Precisamente queremos hoy hablar del llamado “entorno cercano” del jugador. El contexto donde día a día cultiva su afición deportiva y desarrolla su talento. Un talento, que espera ser “descubierto” y puesto en valor, y que muchas veces, queda oculto o ensombrecido por causas que frustran, desmotivan y alejan a niños y niñas de lo que un día fue su pasión.

La atracción  natural de un niño o niña hacia el juego se produce prácticamente desde que nacen. Su interés: divertirse, disfrutar, pasarlo bien. Más tarde, la necesidad de mejorar, superarse o enfrentarse a otros añade la competición como nuevo catalizador de aproximación hacia las actividades deportivas.

Progresivamente se plantea una diferenciación entre los que la práctica deportiva es un elemento más de la educación y formación como personas, y aquellos, que impulsados por sus potencialidades  priorizan la mejora del rendimiento y su exhibición en la competición deportiva.

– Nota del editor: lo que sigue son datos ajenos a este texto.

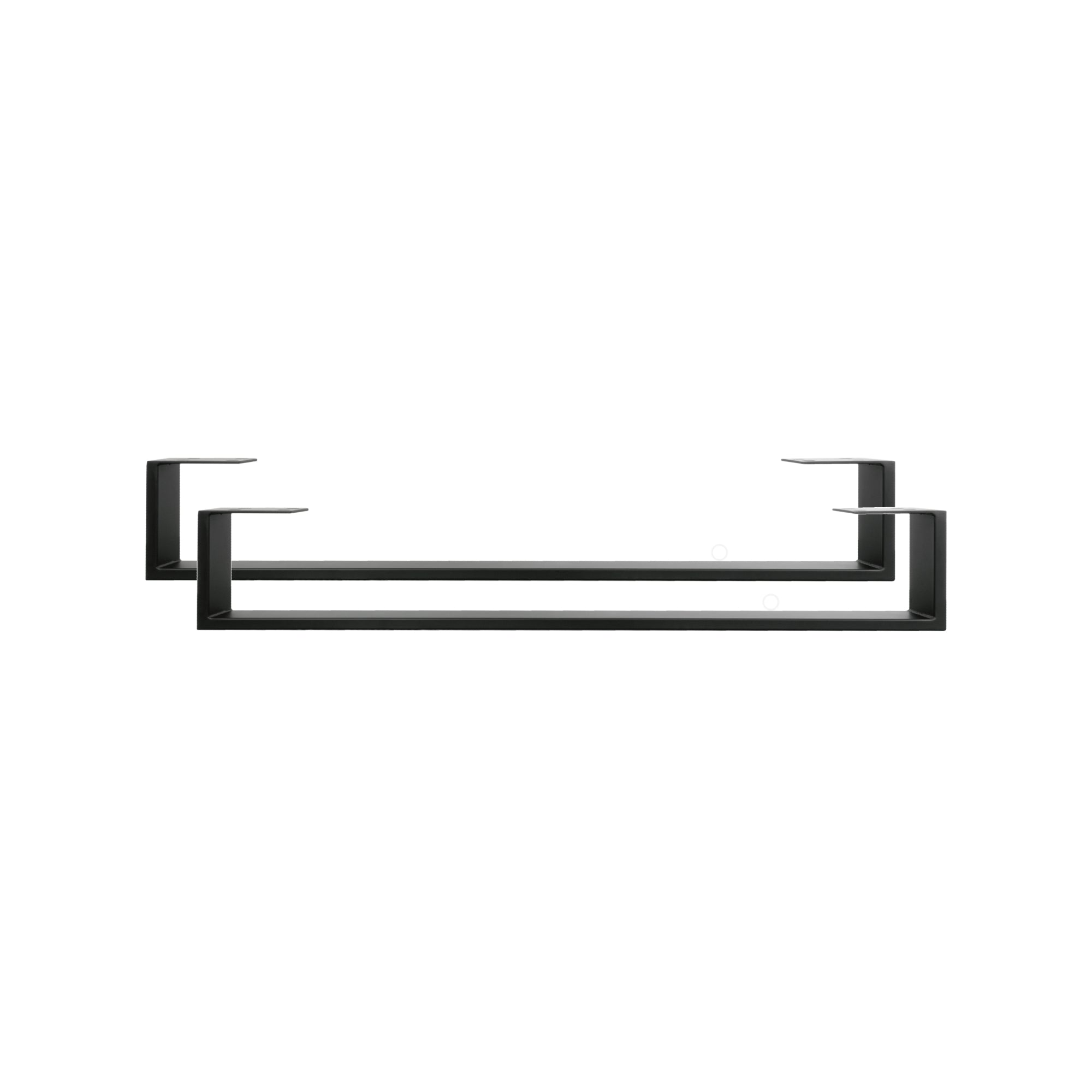 Set of 2 bed runners RECHTECK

Los jóvenes que optan por dedicar una gran cantidad de tiempo a la mejora de sus capacidades con la finalidad de llegar algún día a la elite no lo hacen “solos”. Alrededor de ellos coexisten una series de factores que facilitan su evolución, o por el contrario, perturban su desarrollo en su tránsito de posible talento deportivo a deportista experto o de elite.

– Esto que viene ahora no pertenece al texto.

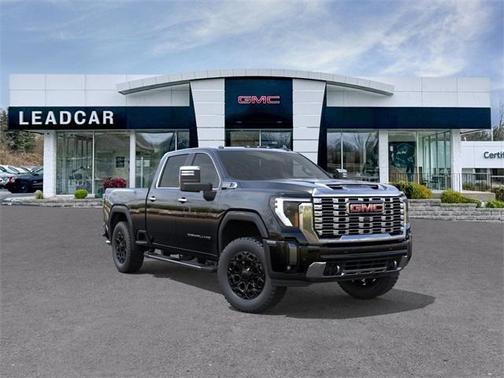 2025 GMC Sierra 2500 Denali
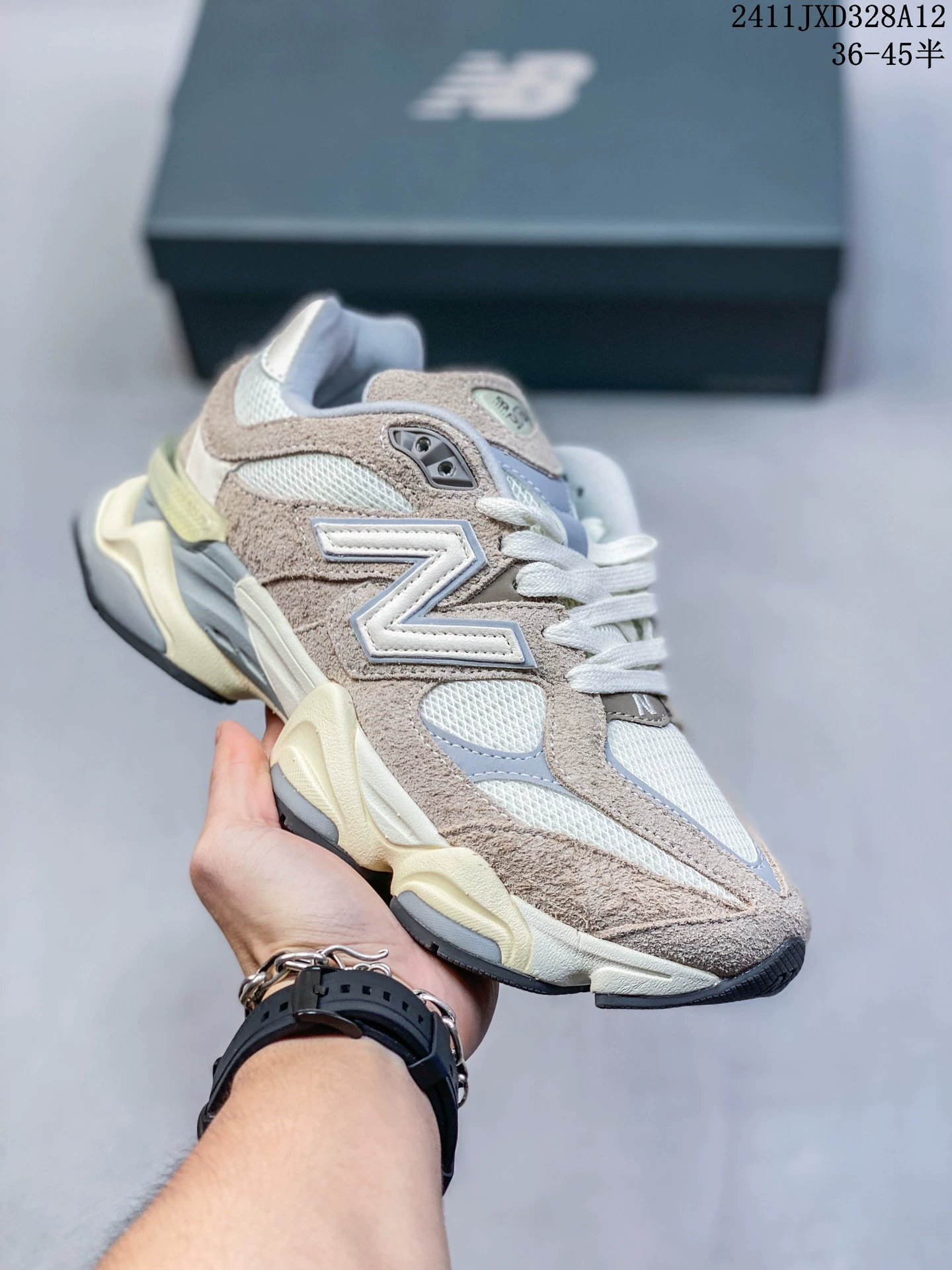 New Balance, универсальная обувь, нескользящая износостойкая дышащая обувь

El volumen de entrenamiento, el tiempo de juego, la calidad de las tareas, el tipo de competición, la motivación, etc. serán factores determinantes.

De la misma forma  influirán en su evolución  todos aquellos agentes que conforman el contexto  habitual donde realiza su actividad:  los compañeros, la relación con el entrenador, las características del club, el centro escolar, los amigos, y por supuesto, los padres. Nos vamos a detener en ellos.

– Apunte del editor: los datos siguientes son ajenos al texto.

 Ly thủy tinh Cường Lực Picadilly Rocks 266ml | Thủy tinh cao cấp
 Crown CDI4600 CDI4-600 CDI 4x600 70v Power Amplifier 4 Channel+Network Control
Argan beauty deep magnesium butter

Dentro del entorno más próximo al joven jugador los padres pueden ser agentes muy beneficiosos o también muy perjudiciales. La mayoría ayudan a sus hijos, les animan, les llevan a entrenamientos y partidos, se integran en el club, favoreciendo de forma activa la construcción  del jugador. Pero también -otras muchas veces- someten a una presión desmesurada a los hijos. Por un a lado tiende a exagerar potencialidades y crear expectativas. Por otra parte desean revivir en sus hijos éxitos pasados o recuperar oportunidades perdidas. La idea de un hijo “campeón” se convierte en obsesión.

Esto puede tener consecuencias negativas en forma de  actitudes y comportamientos nocivos para el educando, presididos por una búsqueda de resultados prematura, ganar a cualquier precio o la reprobación en caso de no responder  a ”sueños” frustrados.